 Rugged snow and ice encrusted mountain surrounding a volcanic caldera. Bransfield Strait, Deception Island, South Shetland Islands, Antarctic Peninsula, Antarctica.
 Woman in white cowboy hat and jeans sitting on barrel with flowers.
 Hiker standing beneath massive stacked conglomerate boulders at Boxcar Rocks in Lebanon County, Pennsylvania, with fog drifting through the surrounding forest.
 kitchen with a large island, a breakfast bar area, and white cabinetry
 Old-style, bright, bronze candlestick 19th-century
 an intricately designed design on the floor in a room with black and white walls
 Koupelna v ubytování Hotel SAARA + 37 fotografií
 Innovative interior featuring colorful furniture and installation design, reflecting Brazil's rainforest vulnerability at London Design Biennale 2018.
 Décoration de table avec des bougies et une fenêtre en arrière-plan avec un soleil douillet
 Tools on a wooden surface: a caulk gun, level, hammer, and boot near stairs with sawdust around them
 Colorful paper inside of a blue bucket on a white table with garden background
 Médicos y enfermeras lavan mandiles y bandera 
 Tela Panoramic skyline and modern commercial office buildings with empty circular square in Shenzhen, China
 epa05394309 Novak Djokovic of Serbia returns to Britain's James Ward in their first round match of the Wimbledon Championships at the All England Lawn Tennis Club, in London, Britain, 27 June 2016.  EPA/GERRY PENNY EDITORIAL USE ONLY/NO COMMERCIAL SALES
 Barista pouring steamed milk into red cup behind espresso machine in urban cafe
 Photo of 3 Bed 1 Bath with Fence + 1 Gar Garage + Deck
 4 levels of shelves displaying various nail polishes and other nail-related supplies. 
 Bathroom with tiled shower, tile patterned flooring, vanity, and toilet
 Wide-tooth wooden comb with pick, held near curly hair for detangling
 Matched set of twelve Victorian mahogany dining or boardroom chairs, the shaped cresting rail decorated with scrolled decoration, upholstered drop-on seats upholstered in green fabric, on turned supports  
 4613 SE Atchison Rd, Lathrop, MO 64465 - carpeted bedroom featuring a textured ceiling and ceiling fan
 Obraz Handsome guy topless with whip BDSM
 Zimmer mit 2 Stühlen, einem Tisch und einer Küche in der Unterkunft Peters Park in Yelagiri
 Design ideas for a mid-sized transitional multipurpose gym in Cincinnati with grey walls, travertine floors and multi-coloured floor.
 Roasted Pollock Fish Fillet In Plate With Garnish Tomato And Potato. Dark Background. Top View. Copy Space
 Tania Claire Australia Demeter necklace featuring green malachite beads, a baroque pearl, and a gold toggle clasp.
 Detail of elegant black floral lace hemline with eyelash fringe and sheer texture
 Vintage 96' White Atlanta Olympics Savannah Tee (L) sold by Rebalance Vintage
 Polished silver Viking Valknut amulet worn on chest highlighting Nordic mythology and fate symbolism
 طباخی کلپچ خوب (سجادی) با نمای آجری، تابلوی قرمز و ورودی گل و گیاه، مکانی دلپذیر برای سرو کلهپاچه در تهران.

▸ Task to carry out: Your task is to write out, exactly, the line that holds "Detail of elegant" and every line after it until the records end.

▸ Written answer:
 Detail of elegant black floral lace hemline with eyelash fringe and sheer texture
 Vintage 96' White Atlanta Olympics Savannah Tee (L) sold by Rebalance Vintage
 Polished silver Viking Valknut amulet worn on chest highlighting Nordic mythology and fate symbolism
 طباخی کلپچ خوب (سجادی) با نمای آجری، تابلوی قرمز و ورودی گل و گیاه، مکانی دلپذیر برای سرو کلهپاچه در تهران.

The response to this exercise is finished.